La ambigüedad y la fragmentación atraviesan el universo de esta trama protagonizada por tres personajes: una madre (Gloria Stingo) envuelta en un soliloquio, su hijo adolescente (Federico Fontán) que debe lidiar con angustias propias y ajenas, y por último su novia (Marisol Martinez) en franca rivalidad con la suegra. Pero sobre todo la presencia de un cuarto personaje, quizás el más importante aunque invisible, que no es otro que un padre ausente o simplemente la ausencia de una figura paterna para realzar el costado psicológico del relato, pese a que sería mejor inclinarse por una interpretación de carácter simbólico.

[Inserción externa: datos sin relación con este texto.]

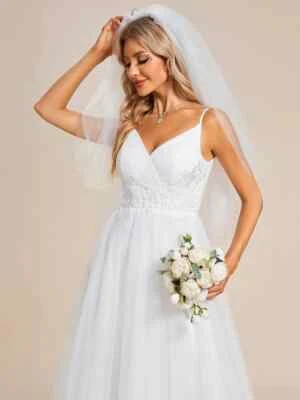 Vestido de novia de tul con apliques de flores y correa de espagueti elegante, blanco, Foto 1 de 4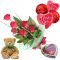 6 Red Roses,Bear,Eclairs Chocolate Box with I Love U Balloon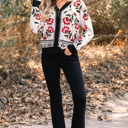  Selene Print Front Knit Cardigan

El trasfondo de la ausencia está meticulosamente trabajado en un fuera de campo constante. Sin embargo, ciertos análisis optarán por recorrer un camino bastante transitado como el del complejo de Edipo, teniendo en cuenta la relación entre madre e hijo con un padre que ya no está. No obstante, esa vía psicoanalítica -para esta obra- resultaría poco reveladora ya que prevalecen elementos mucho más importantes (el tiempo, los espacios vacíos, la fugacidad, la muerte, la finitud, el destino, etc.), que invitan a reflexionar sin modelos teóricos ordenadores. Es más adecuado y placentero despojarse de cualquier intento de estructurar esta historia que hace del fraccionamiento prácticamente su eje rector, con el privilegio sobre la forma antes que el contenido; y hace del punto de vista, con un sutil juego de miradas entre los protagonistas, su vitalidad.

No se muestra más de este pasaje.